[Task requirements]:
Your answer must be the records below, repeated exactly, with every picture left out.

[Working data]:
######

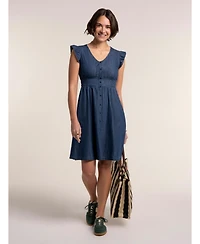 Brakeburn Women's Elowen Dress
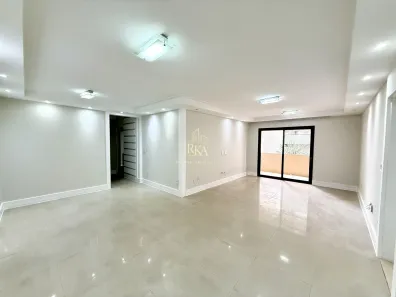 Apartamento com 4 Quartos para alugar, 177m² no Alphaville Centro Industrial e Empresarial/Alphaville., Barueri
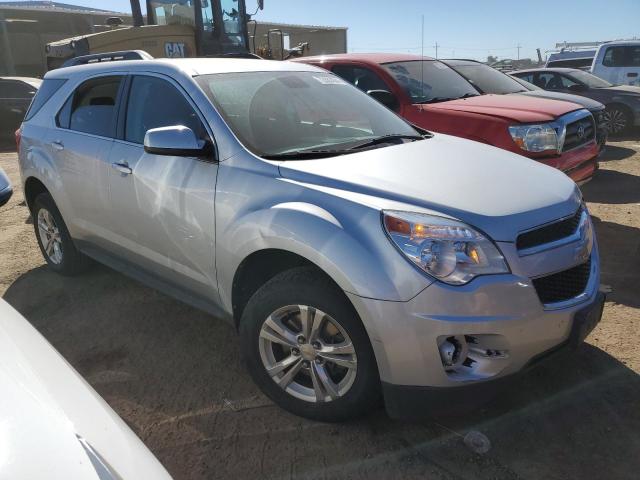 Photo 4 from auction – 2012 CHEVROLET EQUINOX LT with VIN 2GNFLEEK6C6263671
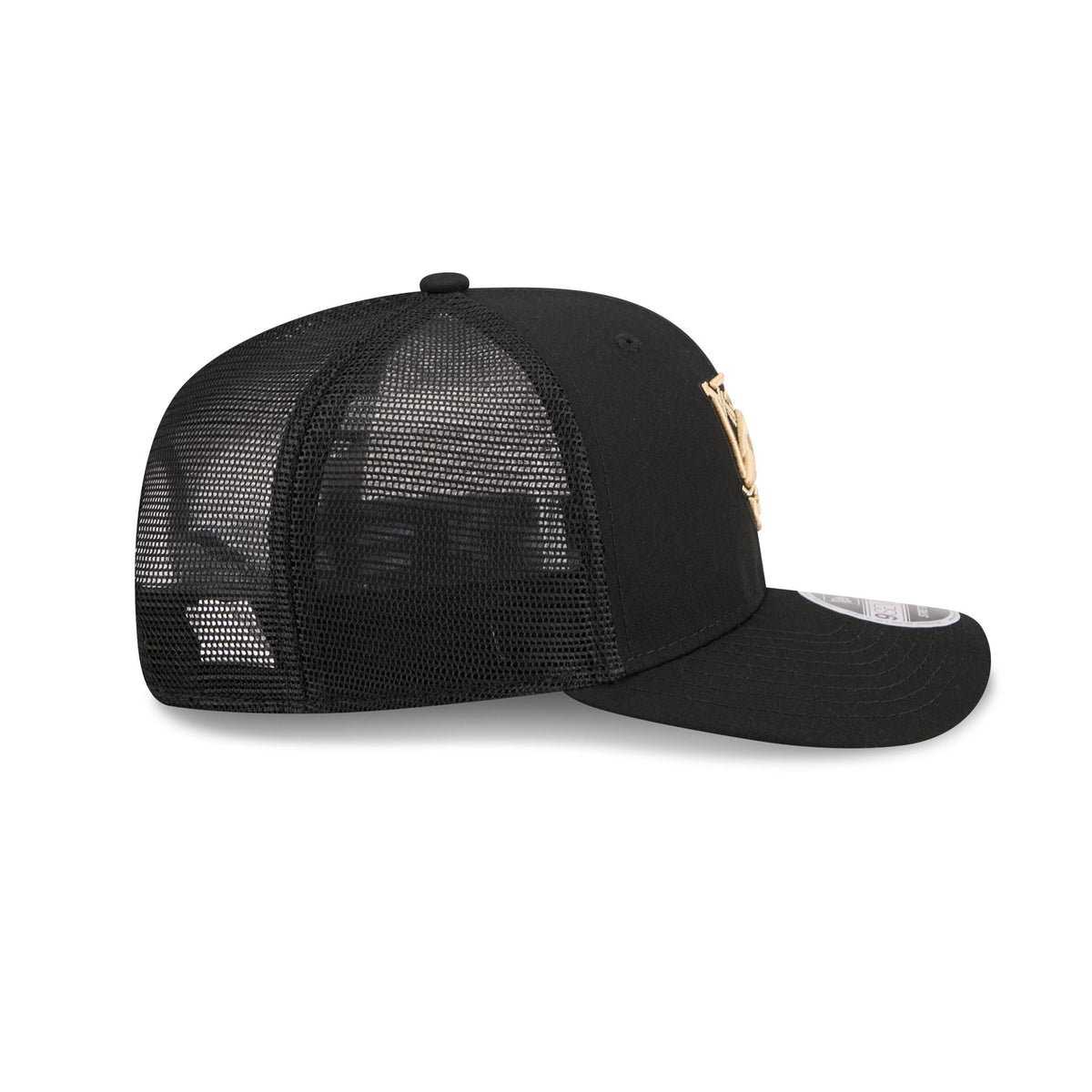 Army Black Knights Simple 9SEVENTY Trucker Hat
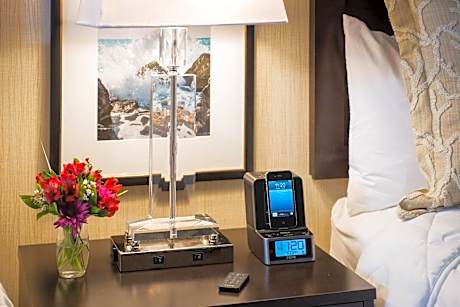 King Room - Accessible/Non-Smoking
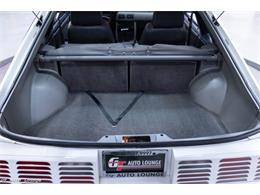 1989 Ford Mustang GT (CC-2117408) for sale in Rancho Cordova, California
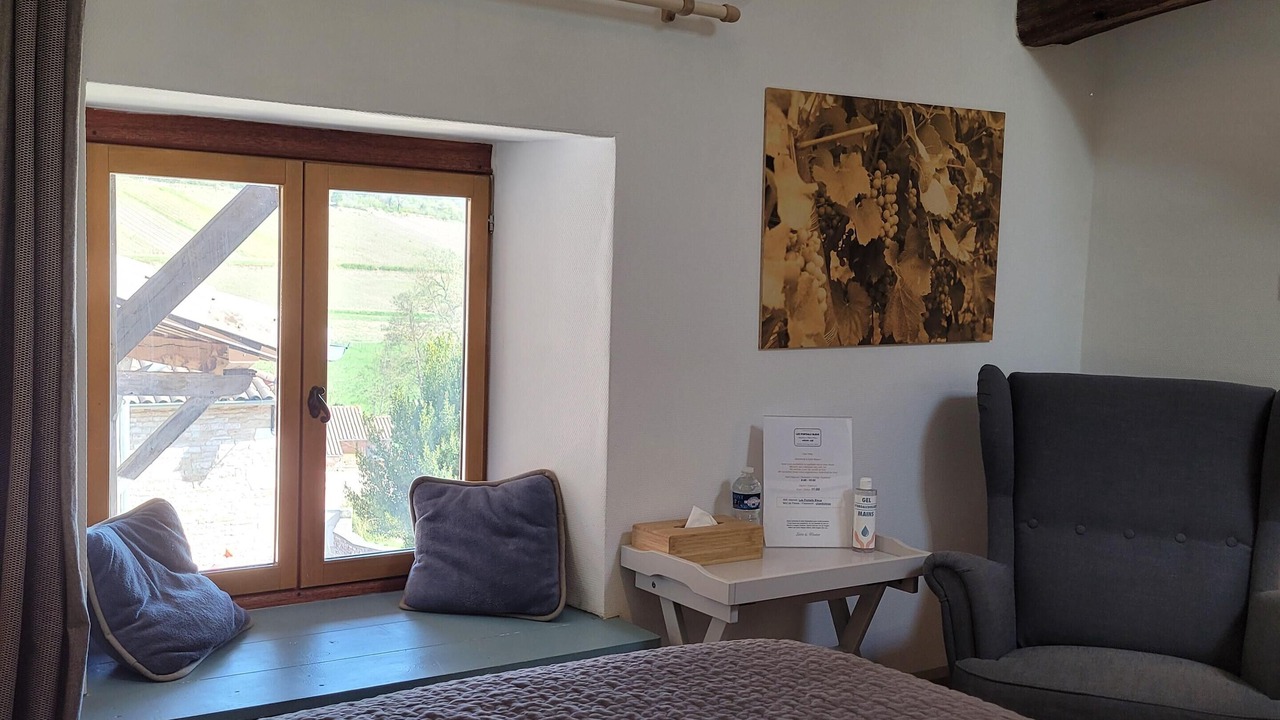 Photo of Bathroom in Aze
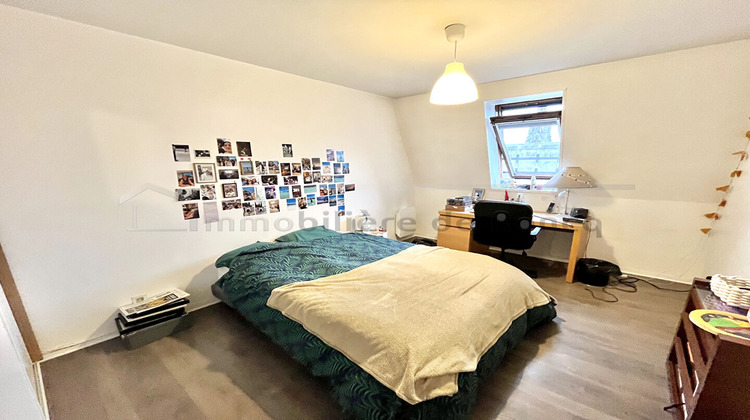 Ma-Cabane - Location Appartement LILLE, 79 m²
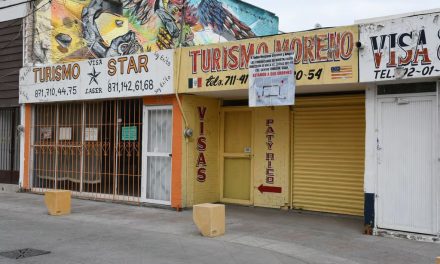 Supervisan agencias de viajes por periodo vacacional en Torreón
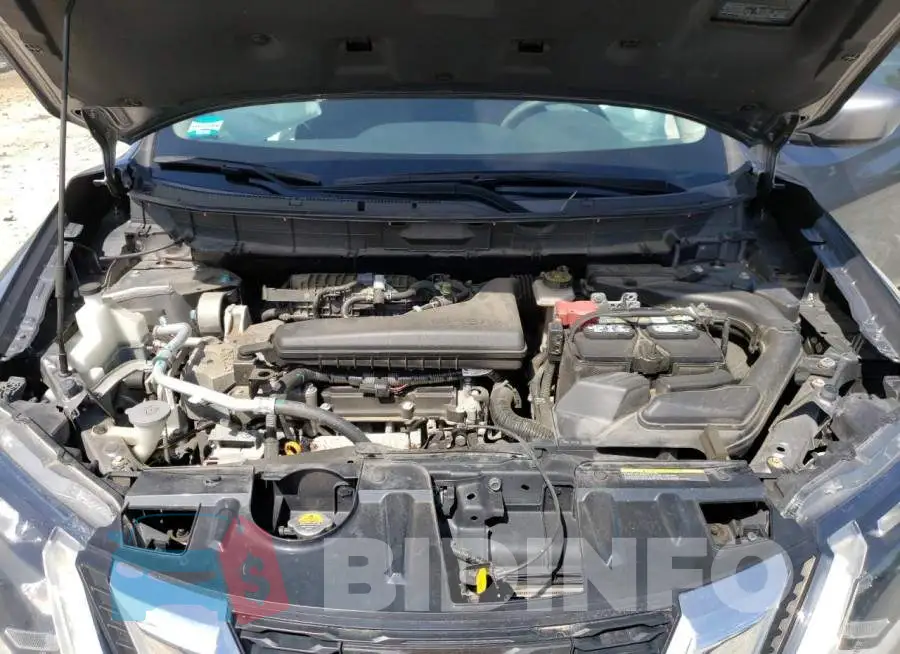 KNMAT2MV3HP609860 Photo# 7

######

[Response box]:
 Brakeburn Women's Elowen Dress
 Apartamento com 4 Quartos para alugar, 177m² no Alphaville Centro Industrial e Empresarial/Alphaville., Barueri
 Photo 4 from auction – 2012 CHEVROLET EQUINOX LT with VIN 2GNFLEEK6C6263671
 Army Black Knights Simple 9SEVENTY Trucker Hat
 King Room - Accessible/Non-Smoking
 1989 Ford Mustang GT (CC-2117408) for sale in Rancho Cordova, California
 Photo of Bathroom in Aze
 Ma-Cabane - Location Appartement LILLE, 79 m²
 Supervisan agencias de viajes por periodo vacacional en Torreón
 KNMAT2MV3HP609860 Photo# 7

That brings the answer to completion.